= Goday Narayana Gajapathi Rao =

Indian politician

Sir Goday Narayana Gajapathi Rao KCIE (1 December 1828 - May 1903) was an Indian aristocrat and politician who served as a member of the Madras Legislative Council from 1868 to 1884.

==Life==
Maharajah Sir Goday Narayana Gajapthi Rao garu was the last direct male lineal representative of the ancient Goday family, born on 1 December 1828. He received education at home from Sri Paravasthu Srinivasachariayr. At the age of thirteen he was sent to Calcutta in January 1841 for further education at Hindu College. After nine years of stay in Calcutta Sri Goday Narayana Gajapthi Rao garu returned to Vizagapatam in April 1849 and joined his brother in management of revenue affairs of their estates. He was instrumental in establishment of Hindu College at Vizagapatam.

In 1875 famine, Sir Goday Narayana Gajapthi Rao garu opened relief houses in his estates where the poor and destitute were daily fed. He founded a Sanskrit Prize at University of Madras which is known as the 'Godayvari Sanskrit Prize'.

The two most unhappy and painful events in his life were first the unexpected and untimely widowhood of his elder daughter, the Rani Sahiba of Wadhwan and premature death of his younger daughter, the Rani of Kurupam. After these incidents Maharjah could not discharge his duties with usual energy and interest. Maharajah Sir Goday Narayana Gajapthi Rao garu died in May 1903.

==Family==
The Goday family is known to be one of the most influential ancient families - Goday Akkamma garu, Goday Bhupathi garu, Goday Pedda Surya Rao garu, Goday Chinna Surya Rao garu being eminent persons of their time.

Nizam's government gave large grants of land to Goday Bhupathi garu in recognition of his services. He built two temples for Siva and Kesava. His successor, Goday Pedda Surya Rao garu, received a sword from Nizam as a present for his service on the battlefield. In the 17th century Britishers came into actual possession of the circars.

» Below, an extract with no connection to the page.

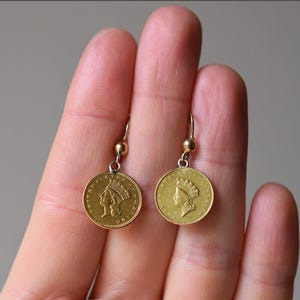K&ouml;nnte beinhalten: Ein Paar goldfarbene Ohrringe mit einem M&uuml;nzendesign, das das Profil einer Frau mit Krone zeigt. Die Ohrringe h&auml;ngen an einem silberfarbenen Haken.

Mr. Andrews, the Chief in Service of East India Company was obliged to Sri Goday Jugga Rao garu, representative of Goday families for his help in times of emergency. The East India Company presented him a 'Shaiban Palkee', an umbrella and other insignia of royalty. Goday Jugga Rao garu was a great promoter of Telugu literature and orthodox Hindu, he practiced 'Saptha Santhana' Seven good works of perpetuality. He also founded a choultry in Kashi. He died in 1805 leaving two sons, Surya Prakasa Rao and Surya Narayana Rao and three daughters, Subhadrayamma, Bangaramma and Laskminarsayamma. In the days of no female education he provided decent education to his daughters. His daughter Subharayamma (married to Madina family and known as Madina Subhadrayamma) evinced great interest in Telugu poetry and acquired reputation as a poet.

Goday Surya Praksa Rao garu was a highly accomplished scholar and owned a large horticultural garden in Anakapalli. Upon his death in 1841, his extensive estates devolved upon his widow and after her, upon her younger surviving daughter. After her death, son of her uncle, Maharaja Sir G.N. Gajapthi Rao garu became the reversionary heir.

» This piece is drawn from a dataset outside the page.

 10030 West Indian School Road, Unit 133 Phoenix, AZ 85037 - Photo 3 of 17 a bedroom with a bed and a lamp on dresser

Goday Suryanaryana Rao had two sons, Venkata Jugga Rao and Narayana Gajapthi Rao. He sent elder son Venkata Jugga Rao to Madras and younger son Narayana Gajapthi Rao to Calcutta for studies. The journey to these places was very tough those days as no trains or safe roads exist. Still these youths travelled to their destinations under proper escorts and guardians.